§ Work request
Where the data below contains pictures, omit them; output the rest word for word.

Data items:
--*--

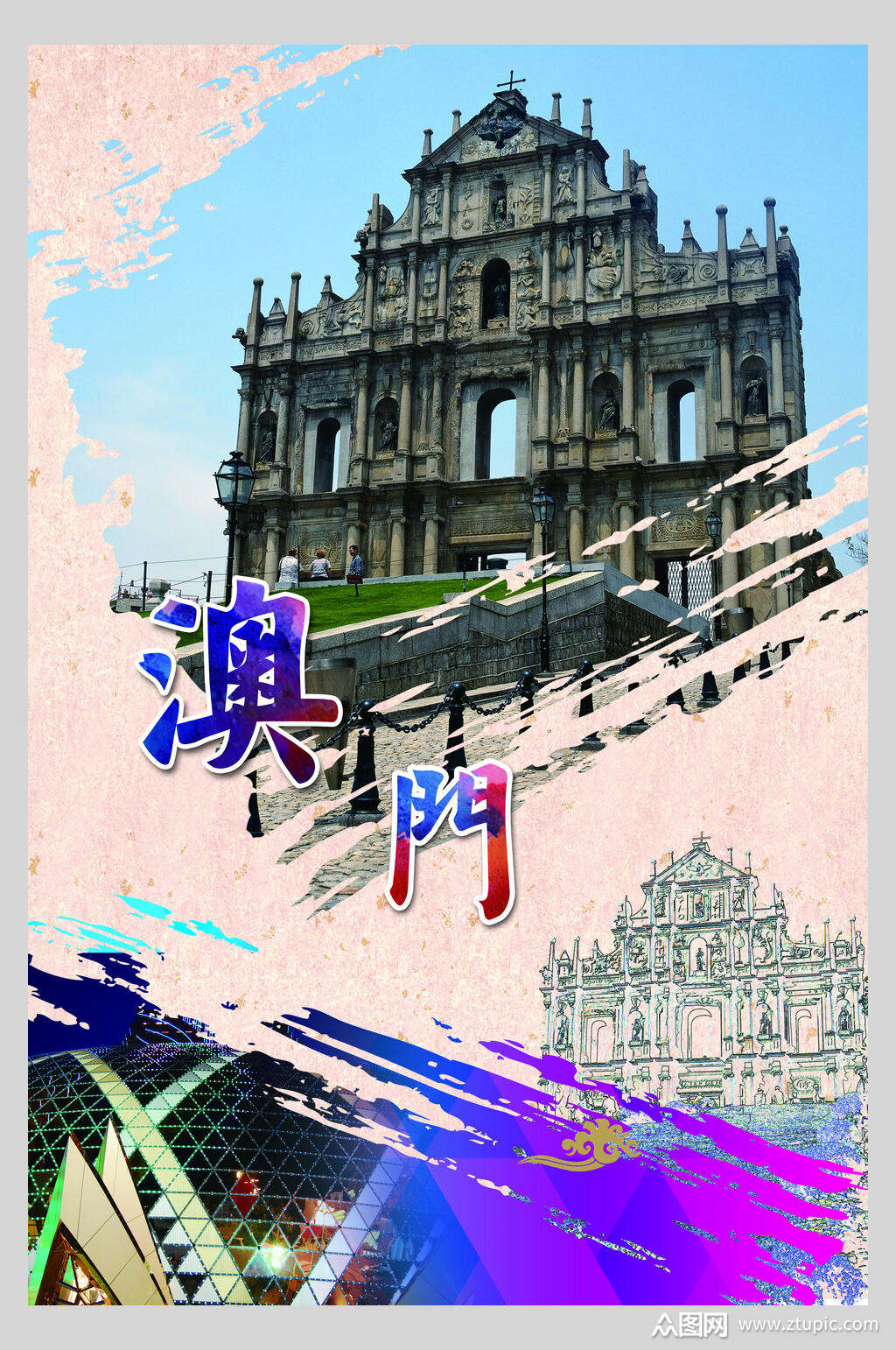 澳门建筑港澳台旅行展板促销海报模板下载-编号3564196-众图网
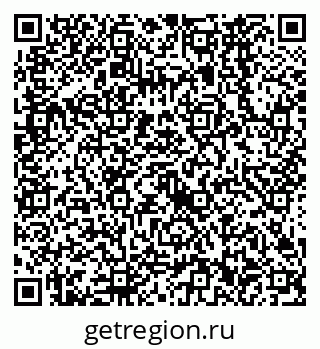79638562530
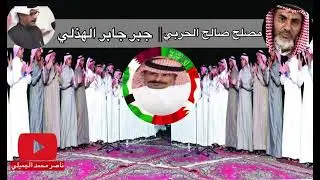 محاوره شعريه بين كل من الشاعرين مصلح صالح الحربي و جبر جابر الهذلي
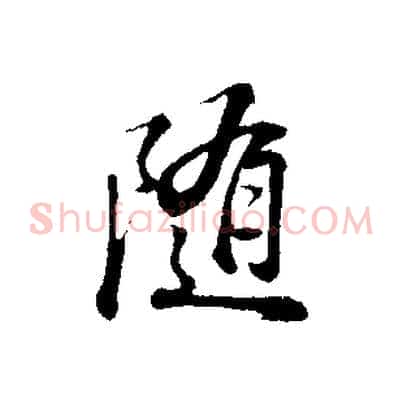 隨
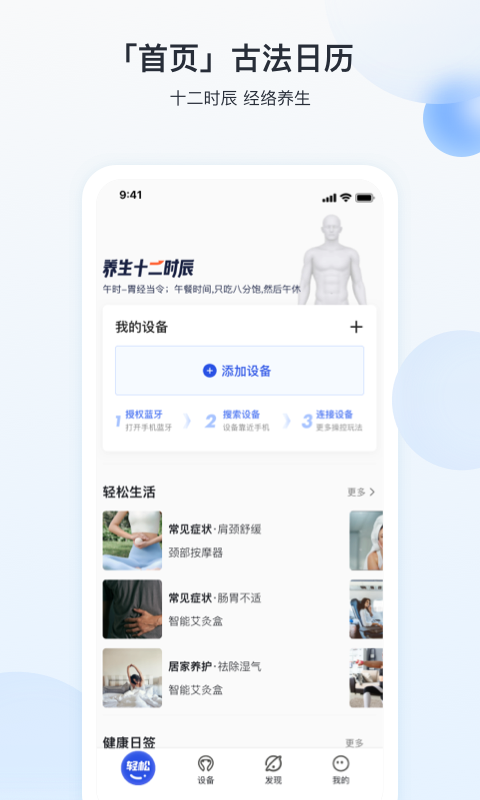 breo+v2.4.2截图5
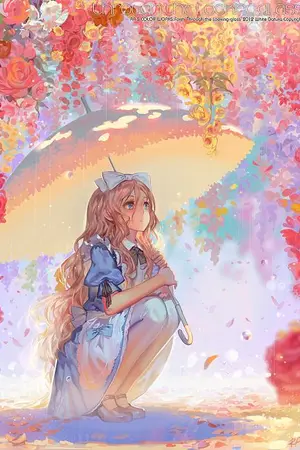 ปกนิยาย My Fic Lsk :: รวมเรื่องสั้นจากเรื่อง LSK ที่คุมะอลิสแต่ง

--*--

§ Answer to the problem
 澳门建筑港澳台旅行展板促销海报模板下载-编号3564196-众图网
79638562530
 محاوره شعريه بين كل من الشاعرين مصلح صالح الحربي و جبر جابر الهذلي
 隨
 breo+v2.4.2截图5
 ปกนิยาย My Fic Lsk :: รวมเรื่องสั้นจากเรื่อง LSK ที่คุมะอลิสแต่ง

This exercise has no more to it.